At long last, Texas can definitively and safely make a legitimate boast.
The Longhorns are better than Oklahoma State.
If barely.
As in the game ended just in time after quarterback Sam Ehlinger’s clock-killing run, and the Longhorns sprinted into their locker room at Royal-Memorial Stadium before someone ordered them back for one more play. They were overjoyed to survive this one.
Mike Gundy was pretty much beside himself afterward.
The Oklahoma State head coach lamented settling for field goals, bit his lip on the failure to score on two series inside the Texas 5 and spoke about needing more discipline on his team.
In the other locker room, Texas’ Tom Herman wasn’t exactly thrilled either. He even apologized to his team and said Saturday’s contest “was not a very well-coached or very well-played game in certain spots.”

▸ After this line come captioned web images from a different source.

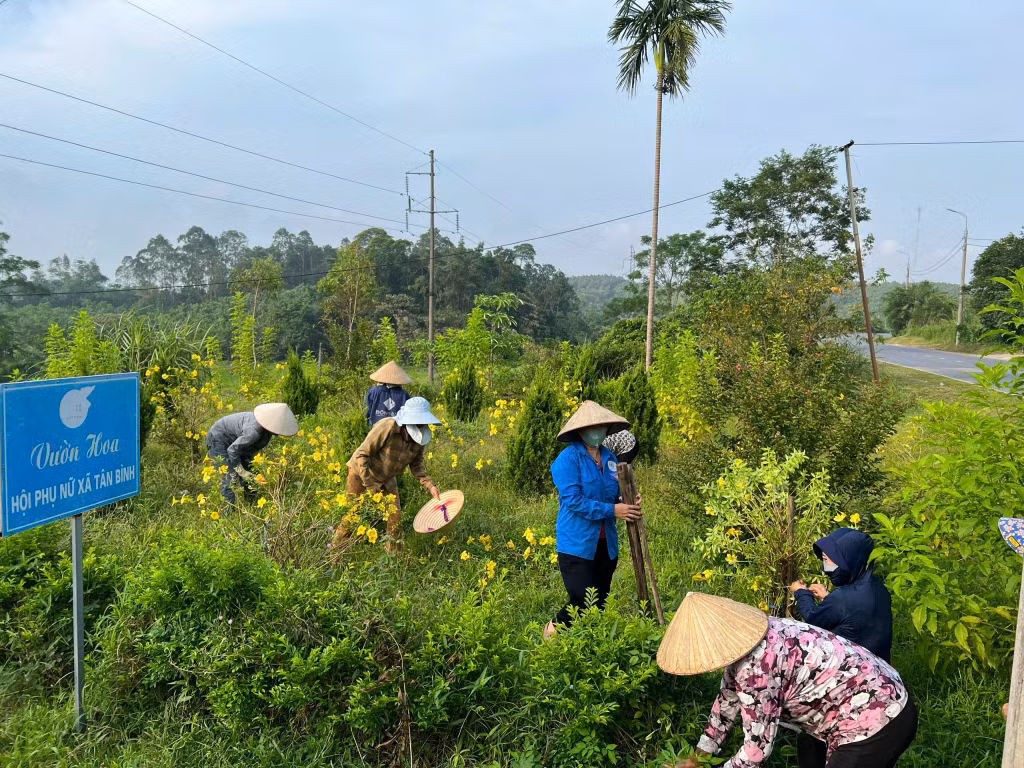 Chị em phụ nữ xã Tân Bình (huyện Đầm Hà) chăm sóc cây hoa, tạo cảnh quan xanh, sạch, đẹp.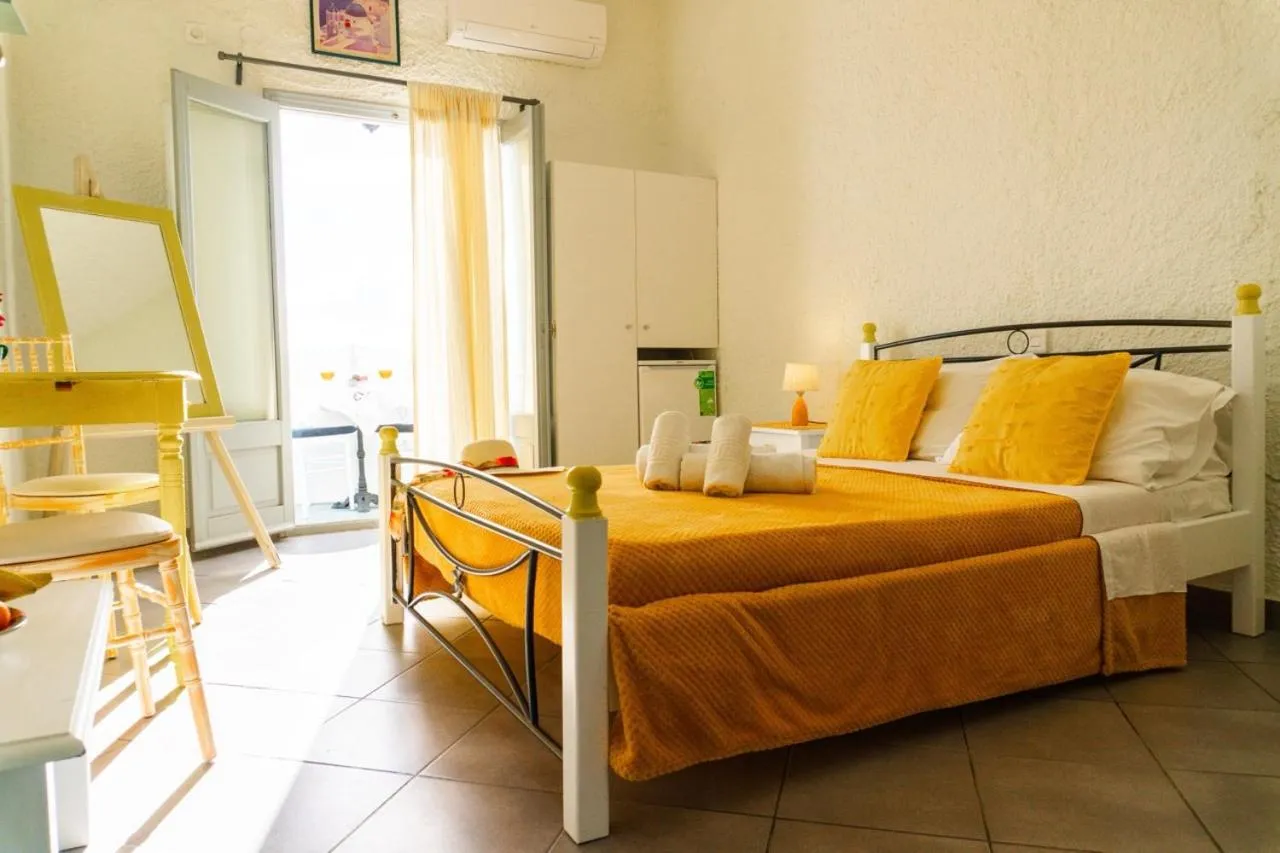 Bed in Smarula Villa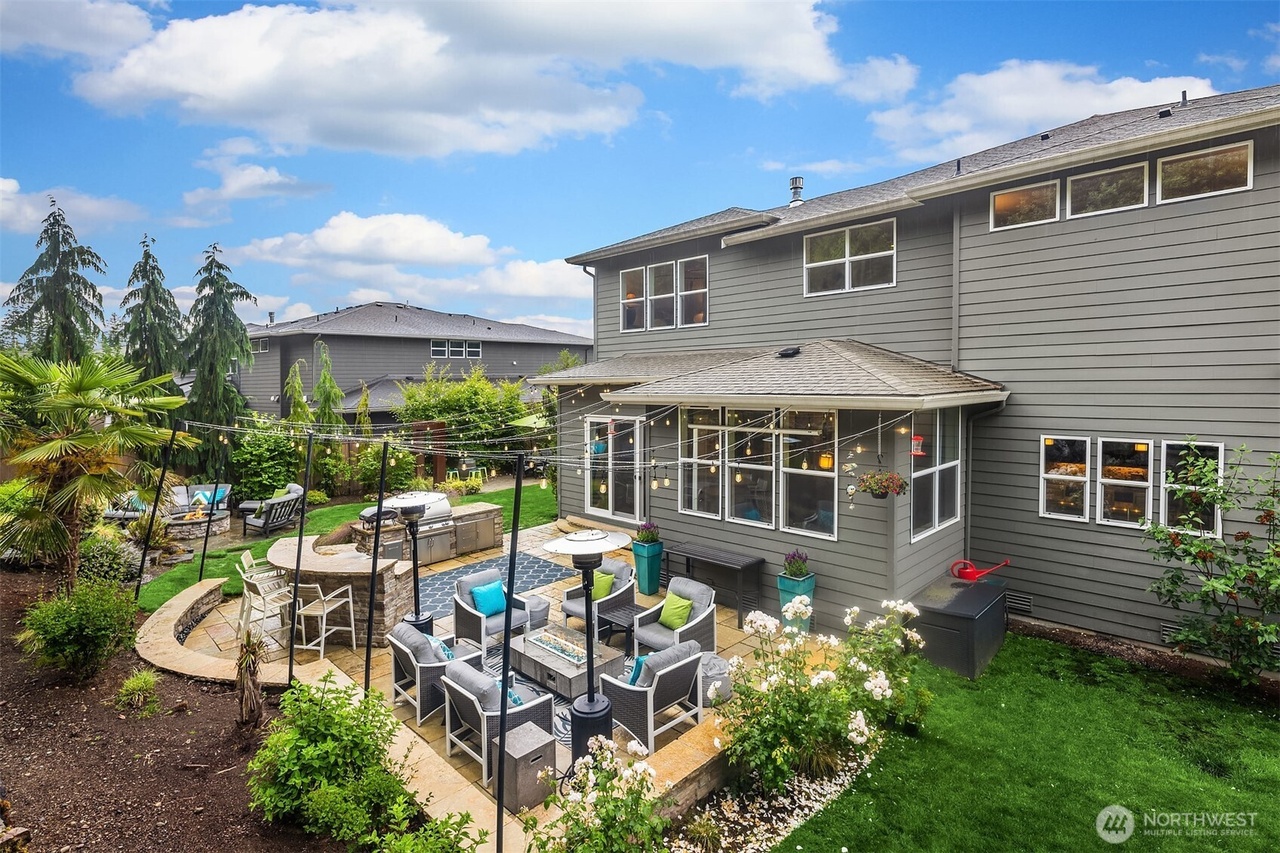 Bothell, Washington, 98012, United States, 5 Bedrooms Bedrooms, ,3 BathroomsBathrooms,Residential,Forsale,1904605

Who in the heck won this game?
Did, in fact, anyone win the game? Or did someone just lose it?
Depending on your viewpoint, it went like this:
Texas won 36-30 with four more touchdown passes from the unflappable Ehlinger, a breakout game from tailback Keaontay Ingram and a crippled defense that saw six starters go down with injuries but still stiffened with two goal-line stands and a pair of interceptions.
Or Oklahoma State lost 36-30 because of two interceptions, the inability of Chuba Hubbard and Tylan Wallace to get free and some extremely poor coaching decisions by Gundy, especially on a fake field goal on a fourth-and-6 that resulted in an incomplete shovel pass from the holder.
Take your pick.
“He apologized to us,” Texas linebacker Joseph Ossai said of Herman. “But we’ve got his back, and he has our back.”
Herman’s just happy he walked out with a 3-1 record and 1-0 conference mark after a game with more swings than an elementary school playground.
At times, however, these two couldn’t play worse.
In what he said was “an ill-advised call but the right decision,” Herman went for it on a fourth-and-3 instead of opting for a safer 45-yard field goal attempt and got a run stuffed. He labeled the punt return game as “embarrassing,” noting that both Jake Smith and Brandon Jones fumbled punts that led to OSU touchdowns. Texas had several critical penalties as well.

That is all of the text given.